Macarena Blasi is Chief of Workers on the Digital Channels Division of the Buenos Aires Metropolis Authorities, working throughout the town’s major digital providers, together with Boti—the WhatsApp-based digital assistant—and the official Buenos Aires web site. She started her journey working in conversational expertise design, later serving as product proprietor and Operations Supervisor after which as Head of Expertise and Content material, main multidisciplinary groups targeted on enhancing the standard, accessibility, and usefulness of public digital providers. Her work is pushed by a dedication to constructing clear, inclusive, and human-centered experiences within the public sector.
María Candela Blanco is Operations Supervisor for High quality Assurance, Usability, and Steady Enchancment on the Buenos Aires Authorities, the place she leads the content material, analysis, and conversational technique throughout the town’s major digital channels, together with the Boti AI assistant and the official Buenos Aires web site. Exterior of tech, Candela research literature at UNSAM and is deeply enthusiastic about language, storytelling, and the methods they form our interactions with expertise.

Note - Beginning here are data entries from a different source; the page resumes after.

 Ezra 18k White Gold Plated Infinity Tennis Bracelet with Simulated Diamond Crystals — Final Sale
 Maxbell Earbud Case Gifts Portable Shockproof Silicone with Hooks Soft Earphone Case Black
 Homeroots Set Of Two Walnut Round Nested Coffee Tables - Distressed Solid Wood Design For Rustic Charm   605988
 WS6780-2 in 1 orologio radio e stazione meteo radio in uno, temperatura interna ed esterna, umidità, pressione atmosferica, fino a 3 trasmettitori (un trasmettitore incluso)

Leandro Micchele is a Software program Developer targeted on making use of AI to real-world use instances, with experience in AI assistants, voice, and imaginative and prescient options. He serves because the technical lead and guide for the Boti AI assistant on the Buenos Aires Authorities and works as a Software program Developer at Telecom Argentina. Past tech, his self-discipline extends to martial arts: he has over 20 years of expertise and at present teaches Aikido.
Hugo Albuquerque is a Deep Studying Architect on the AWS Generative AI Innovation Middle. Earlier than becoming a member of AWS, Hugo had in depth expertise working as an information scientist within the media and leisure and advertising sectors. In his free time, he enjoys studying different languages like German and training social dancing, comparable to Brazilian Zouk.

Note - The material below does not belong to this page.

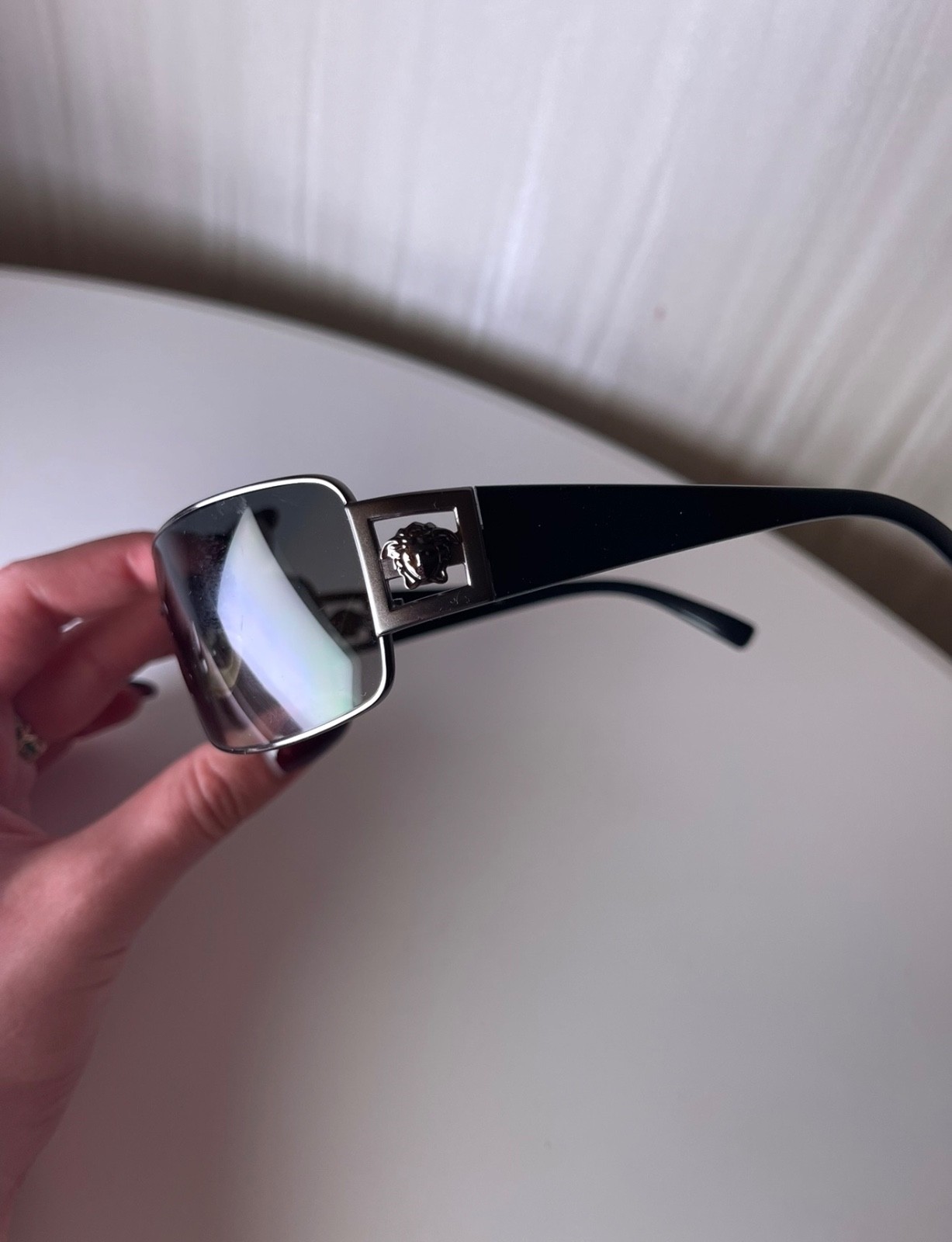 Versace Mod. 2032 Vintage Oval Sunglasses Silver Metal Frame 64□17 110 Made in I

Enrique Balp is a Senior Information Scientist on the AWS Generative AI Innovation Middle engaged on cutting-edge AI options. With a background within the physics of advanced methods targeted on neuroscience, he has utilized knowledge science and machine studying throughout healthcare, power, and finance for over a decade. He enjoys hikes in nature, meditation retreats, and deep friendships.
Diego Galaviz is a Deep Studying Architect on the AWS Generative AI Innovation Middle. Earlier than becoming a member of AWS, he had over 8 years of experience as an information scientist throughout various sectors, together with monetary providers, power, large tech, and cybersecurity. He holds a grasp’s diploma in synthetic intelligence, which enhances his sensible trade expertise.
Laura Kulowski is a Senior Utilized Scientist on the AWS Generative AI Innovation Middle, the place she works with clients to construct generative AI options. Earlier than becoming a member of Amazon, Laura accomplished her PhD at Harvard’s Division of Earth and Planetary Sciences and investigated Jupiter’s deep zonal flows and magnetic subject utilizing Juno knowledge.
Rafael Fernandes is the LATAM chief of the AWS Generative AI Innovation Middle, whose mission is to speed up the event and implementation of generative AI within the area. Earlier than becoming a member of Amazon, Rafael was a co-founder within the monetary providers trade area and an information science chief with over 12 years of expertise in Europe and LATAM.